§ **What you are asked to do**
Shown below are entries with pictures; the line with "Cadillac XT4 2024 Model 28T 2WD Luxury Model" through the line with "أعضاء فريق طبي" is the span to retype exactly, and the pictures stay out.

§ **The records**
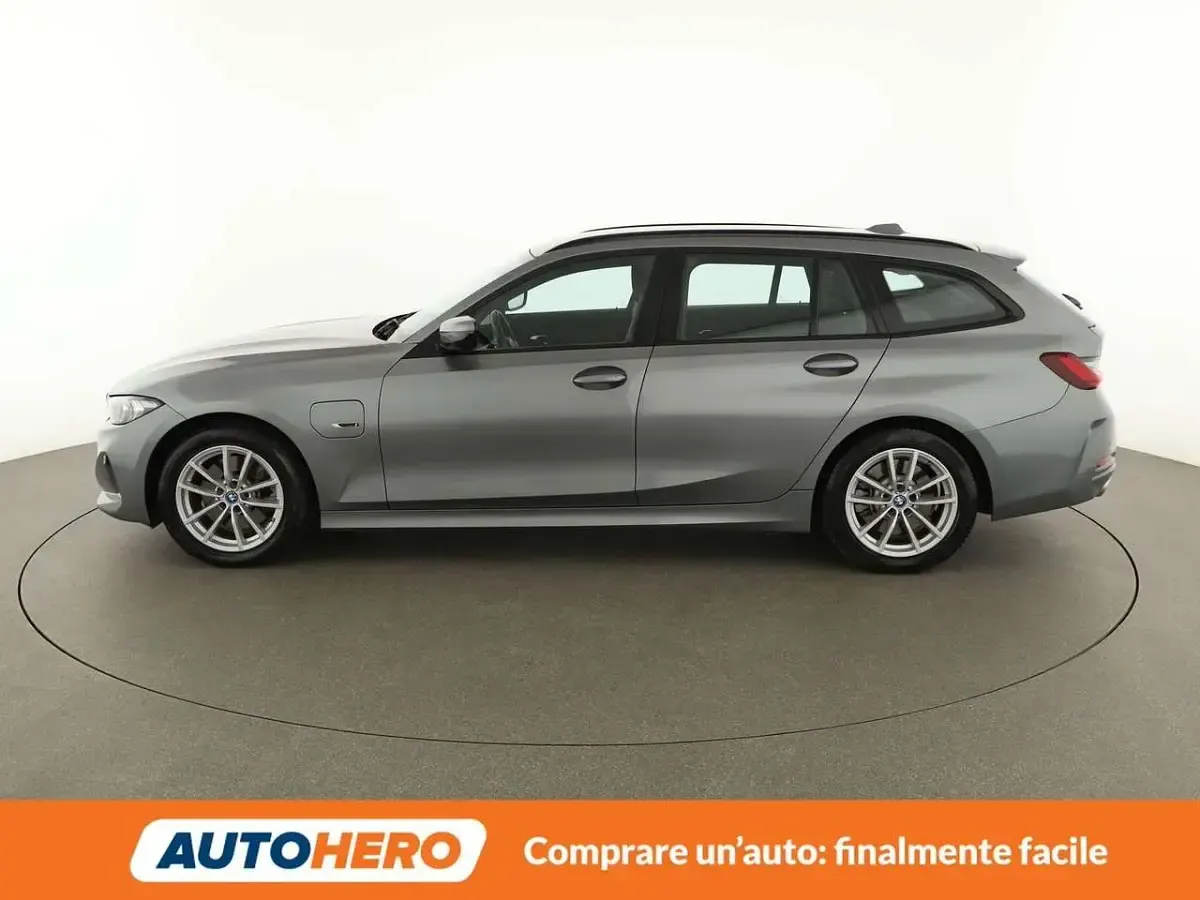Usata BMW 330 184 CV (135 kW) 2023 Grigio Station wagon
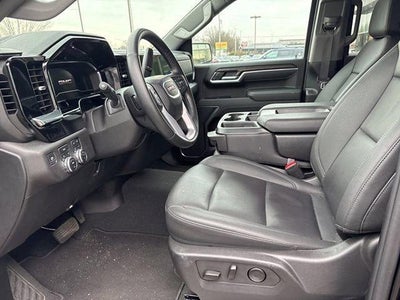 2025 GMC Sierra 1500 Crew Cab Short Box 4-Wheel Drive SLT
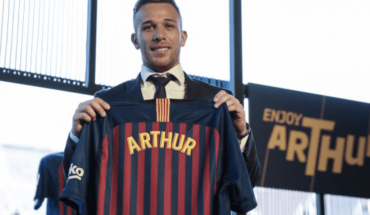 Arthur fue presentado por el Barcelona: “No soy Xavi ni Iniesta”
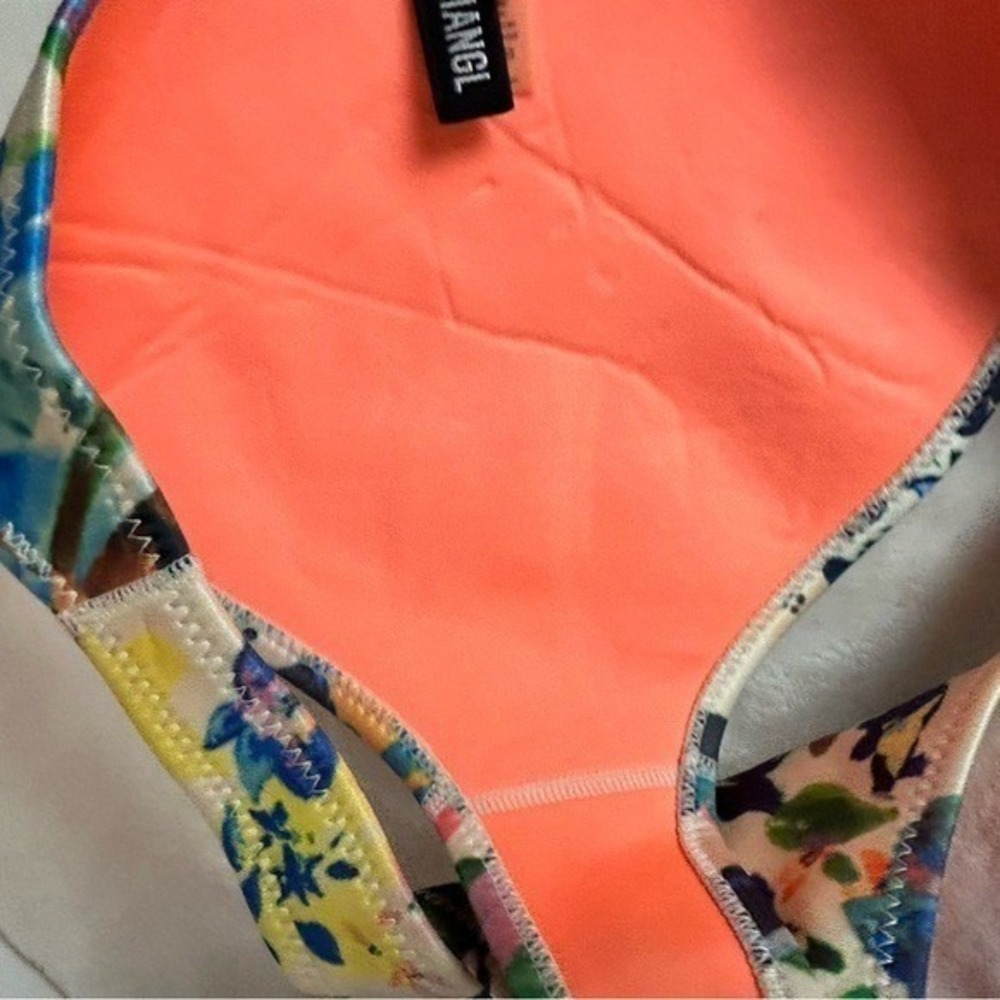 Triangl Bikini Swim Bottoms Floral on Beige Medium. - Picture 8 of 9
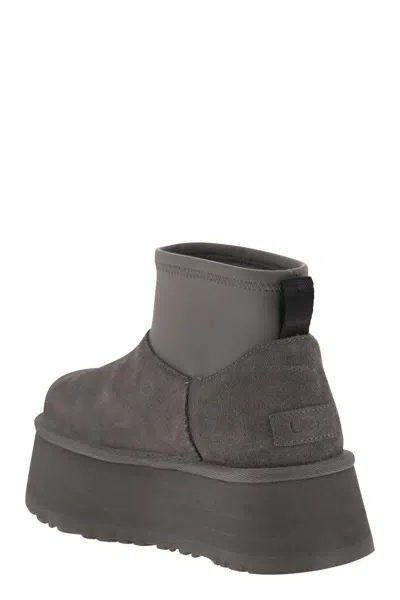 Ugg Classic Mini Dipper Boots In Grey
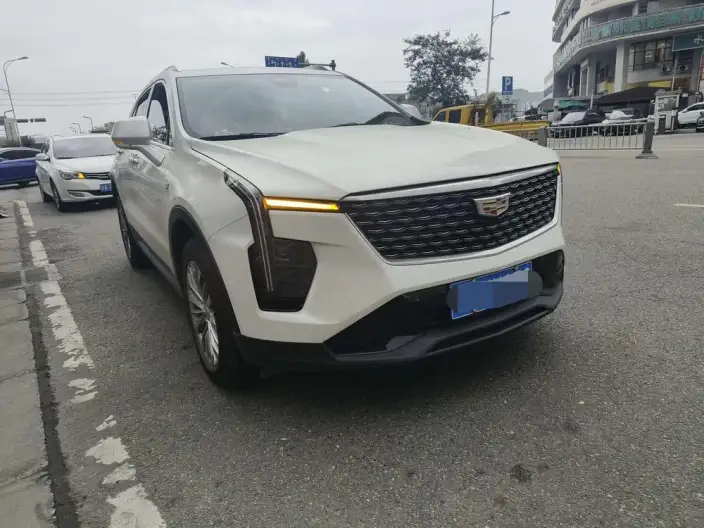 Cadillac XT4 2024 Model 28T 2WD Luxury Model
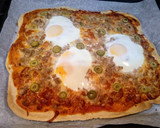Foto del paso 4 de la receta: Pizza de atún y huevo con masa de cerveza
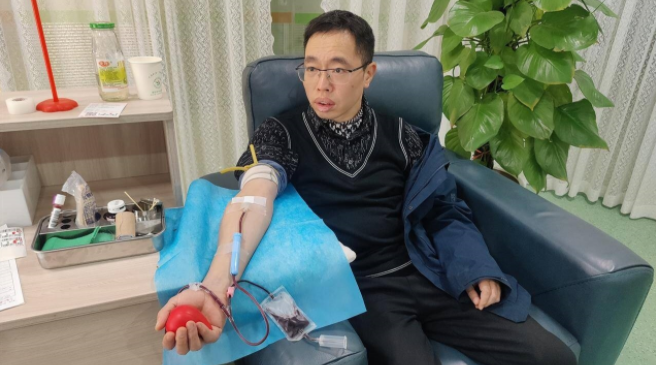 襄陽兩名危重病人急需稀有血 “熊貓俠”接力捐血救人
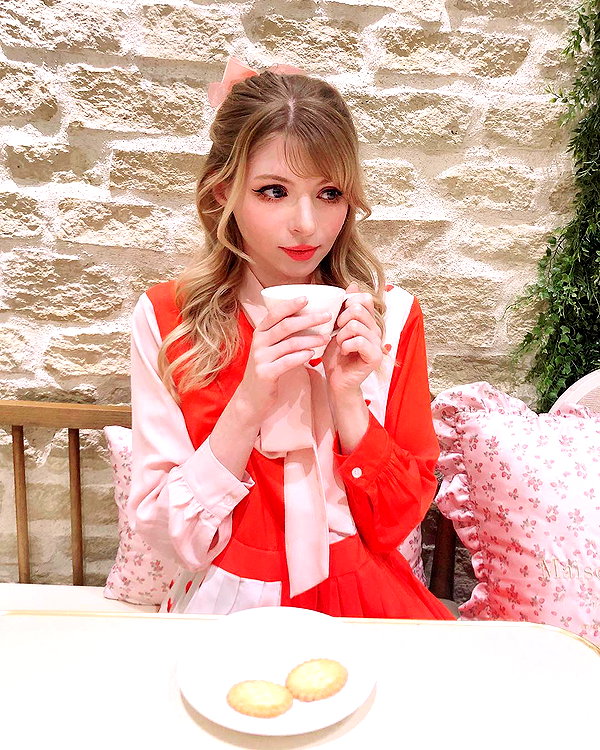 peachmilky_ instagram image archive image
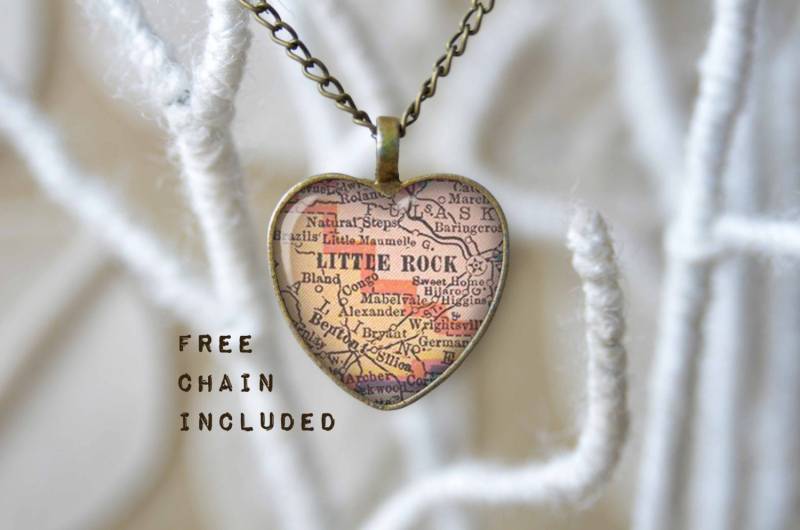 Little Rock Arkansas Map Herz Halskette - Silber Oder Bronze Little Rock Arkansas Map Herz Halskette - Silber Oder Bronze von TheNotaBeneStudio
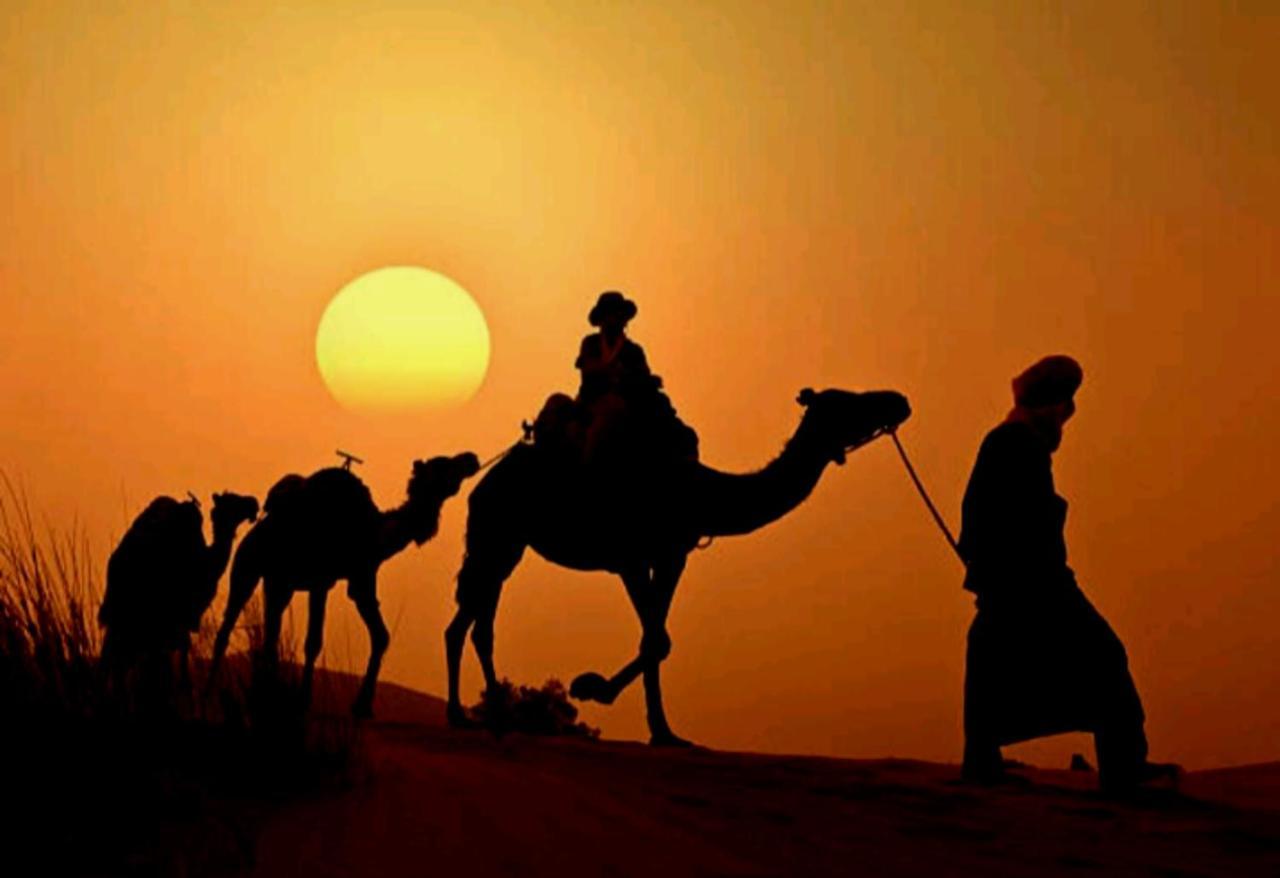Desert Romantic Camp Merzouga Bagian luar foto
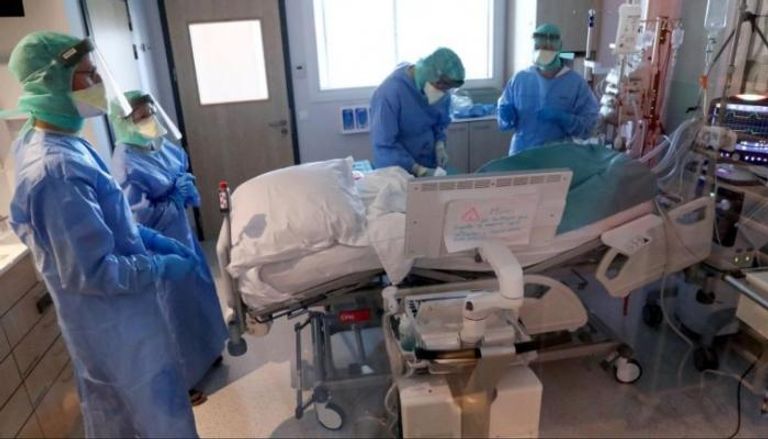 أعضاء فريق طبي يتعاملون مع حالة مصابة بكورونا
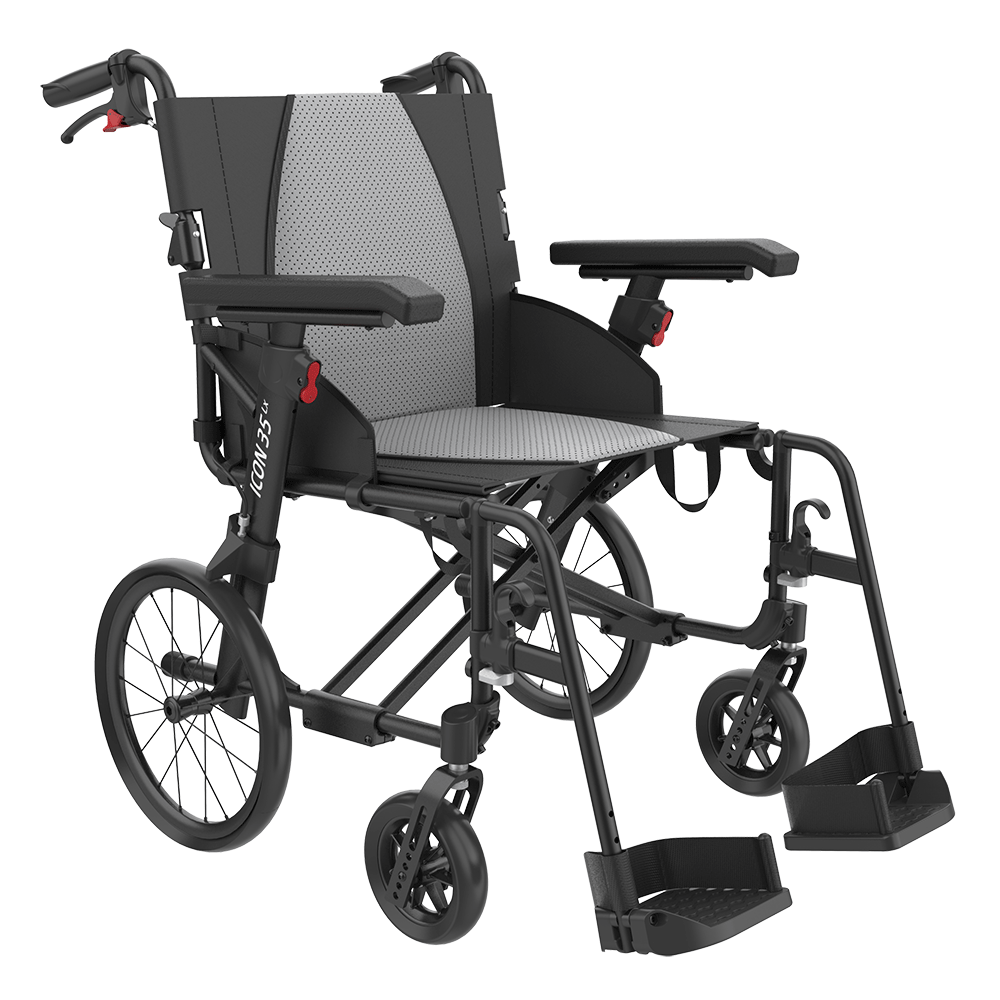 alt="Carrozzina ICON 35 LX transito ultraleggera Rehasense" alt="ICON 35 LX piegata per viaggio" alt="Dettaglio seduta ergonomica ICON 35 LX" alt="Carrozzina da transito con freni accompagnatore ICON 35 LX" alt="Pedane estraibili carrozzina ICON 35 LX"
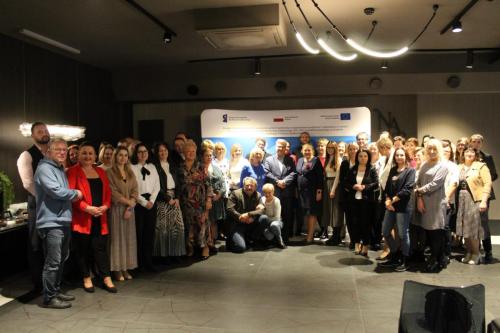 Pamiatkowe grupowe zdjęcie wszystkich biorących udział w konferencji pn. ,,Kierunki rozwoju usług społecznych i procesu deinstytucjonalizacji w województwie podlaskim”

§ **Response to this task**
 Cadillac XT4 2024 Model 28T 2WD Luxury Model
Foto del paso 4 de la receta: Pizza de atún y huevo con masa de cerveza
 襄陽兩名危重病人急需稀有血 “熊貓俠”接力捐血救人
 peachmilky_ instagram image archive image
 Little Rock Arkansas Map Herz Halskette - Silber Oder Bronze Little Rock Arkansas Map Herz Halskette - Silber Oder Bronze von TheNotaBeneStudio
Desert Romantic Camp Merzouga Bagian luar foto
 أعضاء فريق طبي يتعاملون مع حالة مصابة بكورونا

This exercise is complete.